**Data in this exercise**.
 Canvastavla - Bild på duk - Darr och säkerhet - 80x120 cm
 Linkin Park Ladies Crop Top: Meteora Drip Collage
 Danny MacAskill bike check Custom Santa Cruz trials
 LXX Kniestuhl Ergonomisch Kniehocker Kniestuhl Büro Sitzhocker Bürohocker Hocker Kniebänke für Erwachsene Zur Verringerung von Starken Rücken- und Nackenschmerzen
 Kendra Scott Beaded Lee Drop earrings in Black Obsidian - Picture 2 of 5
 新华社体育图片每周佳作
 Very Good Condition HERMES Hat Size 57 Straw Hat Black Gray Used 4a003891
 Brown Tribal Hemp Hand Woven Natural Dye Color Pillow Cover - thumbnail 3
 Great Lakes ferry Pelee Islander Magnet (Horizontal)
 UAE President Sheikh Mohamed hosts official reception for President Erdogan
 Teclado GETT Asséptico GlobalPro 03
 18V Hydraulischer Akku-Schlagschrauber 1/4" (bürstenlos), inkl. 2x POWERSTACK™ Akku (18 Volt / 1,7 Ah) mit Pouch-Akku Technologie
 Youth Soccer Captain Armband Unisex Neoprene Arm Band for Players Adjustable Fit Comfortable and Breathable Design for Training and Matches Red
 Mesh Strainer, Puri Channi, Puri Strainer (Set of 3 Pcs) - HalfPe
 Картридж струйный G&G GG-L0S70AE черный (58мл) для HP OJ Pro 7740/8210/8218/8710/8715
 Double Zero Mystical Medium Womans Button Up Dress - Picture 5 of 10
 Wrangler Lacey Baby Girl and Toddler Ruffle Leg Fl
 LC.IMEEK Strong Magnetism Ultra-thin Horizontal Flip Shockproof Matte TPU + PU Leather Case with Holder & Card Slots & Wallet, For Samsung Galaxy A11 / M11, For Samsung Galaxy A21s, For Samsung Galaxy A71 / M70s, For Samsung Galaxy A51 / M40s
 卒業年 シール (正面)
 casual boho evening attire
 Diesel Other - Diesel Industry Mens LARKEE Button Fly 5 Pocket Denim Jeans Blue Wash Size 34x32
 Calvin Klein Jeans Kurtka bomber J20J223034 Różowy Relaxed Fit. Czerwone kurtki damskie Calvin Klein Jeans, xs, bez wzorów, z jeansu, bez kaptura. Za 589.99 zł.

**Problem details**. Above this instruction are the records; retype exactly the lines from the one containing "Teclado GETT Asséptico GlobalPro 03" up to and including the one containing "Mesh Strainer, Puri".

**Task output**.
 Teclado GETT Asséptico GlobalPro 03
 18V Hydraulischer Akku-Schlagschrauber 1/4" (bürstenlos), inkl. 2x POWERSTACK™ Akku (18 Volt / 1,7 Ah) mit Pouch-Akku Technologie
 Youth Soccer Captain Armband Unisex Neoprene Arm Band for Players Adjustable Fit Comfortable and Breathable Design for Training and Matches Red
 Mesh Strainer, Puri Channi, Puri Strainer (Set of 3 Pcs) - HalfPe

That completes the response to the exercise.